The 31-year-old New Yorker who found a diamond of 2 karat in a volcanic crater will wear it for an engagement ring

A woman from New York has found a 2 carat white diamond in a Arkansas state park, a jewel which, according to her, will be used in her engagement ring.
Michere Fox from Manhattan spent several weeks at the State Park in July after having decided to eat a diamond, according to a press release from Waymon Cox, deputy director of Crater of Diamonds State Park.
The 31 -year -old woman looked for diamonds for a large part of July in a field of 37 acres which is part of the eroded surface of an old volcanic crater.

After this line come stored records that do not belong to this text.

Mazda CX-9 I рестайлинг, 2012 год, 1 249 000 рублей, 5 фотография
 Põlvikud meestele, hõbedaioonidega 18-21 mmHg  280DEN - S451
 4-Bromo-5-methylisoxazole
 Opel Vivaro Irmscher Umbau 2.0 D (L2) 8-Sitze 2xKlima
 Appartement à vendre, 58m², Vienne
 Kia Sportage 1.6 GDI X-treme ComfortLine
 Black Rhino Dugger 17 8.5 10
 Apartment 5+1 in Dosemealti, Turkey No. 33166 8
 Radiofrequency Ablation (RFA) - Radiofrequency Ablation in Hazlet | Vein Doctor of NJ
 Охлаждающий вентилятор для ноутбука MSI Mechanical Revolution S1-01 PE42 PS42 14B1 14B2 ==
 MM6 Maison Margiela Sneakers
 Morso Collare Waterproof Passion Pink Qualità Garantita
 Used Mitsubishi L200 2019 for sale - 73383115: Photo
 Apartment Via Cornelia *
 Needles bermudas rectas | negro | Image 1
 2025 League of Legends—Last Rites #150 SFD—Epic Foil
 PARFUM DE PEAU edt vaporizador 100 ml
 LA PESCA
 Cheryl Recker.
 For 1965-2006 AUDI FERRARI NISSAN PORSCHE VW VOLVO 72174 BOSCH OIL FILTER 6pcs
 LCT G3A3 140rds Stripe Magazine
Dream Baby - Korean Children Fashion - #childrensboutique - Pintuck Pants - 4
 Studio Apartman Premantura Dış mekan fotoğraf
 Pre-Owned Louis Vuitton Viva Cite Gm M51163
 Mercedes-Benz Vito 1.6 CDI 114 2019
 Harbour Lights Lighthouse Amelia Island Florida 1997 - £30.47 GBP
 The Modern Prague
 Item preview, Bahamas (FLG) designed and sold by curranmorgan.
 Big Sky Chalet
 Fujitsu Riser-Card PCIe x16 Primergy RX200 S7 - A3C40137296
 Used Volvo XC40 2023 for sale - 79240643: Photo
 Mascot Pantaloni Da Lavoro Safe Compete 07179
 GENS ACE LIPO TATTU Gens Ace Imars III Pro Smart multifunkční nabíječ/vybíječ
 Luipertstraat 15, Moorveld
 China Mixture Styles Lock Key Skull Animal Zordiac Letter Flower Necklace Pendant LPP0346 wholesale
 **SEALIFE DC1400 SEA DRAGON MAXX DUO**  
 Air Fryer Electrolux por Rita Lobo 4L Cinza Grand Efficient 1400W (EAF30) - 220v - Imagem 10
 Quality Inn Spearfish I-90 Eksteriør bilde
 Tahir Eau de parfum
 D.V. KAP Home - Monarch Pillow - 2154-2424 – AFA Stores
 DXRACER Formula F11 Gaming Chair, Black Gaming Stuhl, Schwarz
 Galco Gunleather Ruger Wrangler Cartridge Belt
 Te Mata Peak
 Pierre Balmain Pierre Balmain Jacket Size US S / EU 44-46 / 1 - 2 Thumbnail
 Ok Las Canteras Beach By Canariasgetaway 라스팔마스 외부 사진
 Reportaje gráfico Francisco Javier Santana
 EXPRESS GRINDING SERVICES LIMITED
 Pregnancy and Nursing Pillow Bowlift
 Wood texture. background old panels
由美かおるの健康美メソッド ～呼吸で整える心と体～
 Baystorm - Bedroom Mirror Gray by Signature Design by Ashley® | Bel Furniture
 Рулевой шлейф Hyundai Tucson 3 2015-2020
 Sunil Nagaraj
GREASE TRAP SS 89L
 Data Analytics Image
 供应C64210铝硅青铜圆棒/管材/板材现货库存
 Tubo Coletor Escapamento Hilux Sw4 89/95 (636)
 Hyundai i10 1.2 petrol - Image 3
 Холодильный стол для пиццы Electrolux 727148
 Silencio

It was only on her last day in the park, walking, that she spotted something that shines at her feet. The park staff confirmed that the sparkling gem of the size of the canine’s tooth of a person was a diamond of 2.3 carats.
“I got on his knees and cried, then I started laughing,” Fox said in the press release.
It is the third diamond of more than 350 diamonds found in the park this year. The park is open to the public and adults can engage in gem hunting by paying $ 15 per day. Park staff periodically plow the ground to loosen the soil and facilitate diamond hunting.
Visitors to the park have found and kept more than 35,000 diamonds since the diamond crater became an Arkansas state park in 1972, according to park officials.
The largest diamond never discovered in the United States was determined in 1924 during an early mining operation, park officials said. Known as Uncle Sam, the white diamond with a pink plaster weighed 40.23 carats and was then cut into a 12.42 carat emerald form. This is part of the Smithsonian mineral and gem collection and can be seen at the National Museum of Natural History.